When my turn came I jumped on the “ride” and off I went down this rabbit hole as I remembered to say “THANK YOUUUUUU CHESHIRE CAAAAAAT!!!””
DREAM SHIFT: I then popped up into what seemed like the same place I was before – still night, same neighborhood but pretty quickly I recognized I was in an underworld of sorts. The darkness had a dingy – looming feeling. It felt devoid of the luminosity of life. It felt like strife and struggle. I saw a dark shadowy male figure duck and hide behind something and saw two women sitting doing a task of some sort so I moved towards them…they were signing – did not speak – they asked if i signed – I shrugged motioned apologetically that i did not…they were busy at their task of cleaning something and I saw that they lived in tents -saw that there were three tents one for a little girl they cared for but she was not around. I looked inside their tents- neat – clean – but where is the little girl? I move on.
The dream changes again – now I am in a neighborhood that looked like where my Great Grandmother lived, similar flowers, shrubs, it is her house. This place has a lighter quality – still in the underworld but maintained some faint light- like how ones memory edges everything, I walk around kind of get lost and see a place an old cabin – really old – like settlers old timey – it is tiny and built rough- I feel dread rising but I go on and open the door- it is empty- but the feeling of dread and anxiety is intense. Thoughts race–” what happened here? Did I die here? Did someone die? I look up and see a huge knife or cutting tool and this brings great fear to behold it…even worse I see soap suds on it as if it had just been used and cleaned- I am bordering on terror – Asking what happened did something happen to me? Did I do something to someone else? At this thought the walls of the cabin elongate as if my thoughts are literally pushing me away from some terrible memory. Then I am at the front door of my Baba’s -my great grandmother..I walk up the steps to the red ornate door carved in a Ukrainian style and I am looking for my grandmother now. The first door opens and surprisingly there is an identical second red door right behind it which I then grab and open swiftly to a third identical door and this strikes me as significant – three being an archetypal number in stories …now I know that I will be facing something…I have a choice to make, I can leave and not open that last door or I can face whatever is on the other side of that door. I look off to the side and see a mirror and I know that mirrors are often a chance to confront some inner reflection of self so I purposefully look and see my reflection and I see my fear- wide eyed staring back, I see it mostly in my eyes and now i know what my fear looks like- how it might look to someone else and effect someone else.
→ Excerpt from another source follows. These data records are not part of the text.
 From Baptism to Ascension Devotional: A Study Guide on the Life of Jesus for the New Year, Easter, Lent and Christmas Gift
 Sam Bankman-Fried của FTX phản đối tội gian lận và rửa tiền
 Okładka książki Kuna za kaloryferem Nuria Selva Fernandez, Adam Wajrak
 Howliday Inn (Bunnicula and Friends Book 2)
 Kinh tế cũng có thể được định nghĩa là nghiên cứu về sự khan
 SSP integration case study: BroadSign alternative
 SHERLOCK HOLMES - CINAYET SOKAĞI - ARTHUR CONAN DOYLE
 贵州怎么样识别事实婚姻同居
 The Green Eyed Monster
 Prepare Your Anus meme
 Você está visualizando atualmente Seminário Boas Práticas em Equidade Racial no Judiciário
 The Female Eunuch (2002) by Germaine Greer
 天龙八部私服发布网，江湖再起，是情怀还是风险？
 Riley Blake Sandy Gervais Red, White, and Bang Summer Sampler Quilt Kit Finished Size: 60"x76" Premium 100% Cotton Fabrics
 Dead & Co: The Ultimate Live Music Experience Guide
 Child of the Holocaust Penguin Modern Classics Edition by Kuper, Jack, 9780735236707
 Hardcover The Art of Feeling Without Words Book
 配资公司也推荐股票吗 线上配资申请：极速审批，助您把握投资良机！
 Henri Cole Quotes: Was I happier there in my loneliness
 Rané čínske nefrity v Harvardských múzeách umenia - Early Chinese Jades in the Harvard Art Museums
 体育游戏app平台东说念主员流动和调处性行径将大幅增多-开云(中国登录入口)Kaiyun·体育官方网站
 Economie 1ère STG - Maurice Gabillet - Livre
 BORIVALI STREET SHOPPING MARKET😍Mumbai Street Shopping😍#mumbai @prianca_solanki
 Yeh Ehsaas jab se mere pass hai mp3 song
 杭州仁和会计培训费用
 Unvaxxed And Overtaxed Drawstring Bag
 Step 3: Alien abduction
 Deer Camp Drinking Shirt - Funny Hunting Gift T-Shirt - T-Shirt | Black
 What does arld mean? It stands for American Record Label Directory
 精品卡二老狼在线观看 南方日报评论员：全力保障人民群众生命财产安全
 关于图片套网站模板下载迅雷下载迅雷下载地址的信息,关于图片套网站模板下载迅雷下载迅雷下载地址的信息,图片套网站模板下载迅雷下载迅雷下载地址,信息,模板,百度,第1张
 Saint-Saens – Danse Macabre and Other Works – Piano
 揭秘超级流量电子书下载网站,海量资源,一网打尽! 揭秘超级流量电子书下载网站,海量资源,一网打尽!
I choose to keep going past my fear past my reflection of fear and to open the last red door and I do…it opens into my great- grandmother’s house where I was earlier and I find myself searching for my grandmother. She passed close to a year ago. I am in the kitchen. I see a dusty old bassinet with an old what would now be considered antique baby doll, busted and discarded. This is all looking and feeling horror movie level creepy. The lack of life and light is profound in this underworld – it’s not even death which for me connotes a sort of peace. No this, this is a Bardo. I move cautiously and slowly around the house. I find my grandmother – she is standing and smiling as if unaware of where she seems to be stuck, a sort of underworld dementia.
She has been dancing by herself and waiting for someone to dance with her.
I gently put my arms around her as if we are going to waltz and ask as gently as possible..” Is it okay to take you out of here now?” We lock eyes in recognition and she smiles one of the most genuine and pleased smiles I ever experienced with her and says ‘Yes!” We walk out of that realm.
All the past anger, judgment, bitter rejections and misunderstandings through projections on both our parts dissolve replaced with open hearts, compassion and love. I wake up still seeing her gracious smile and feeling her love.
There IS Grace in this world, there IS Love in this world.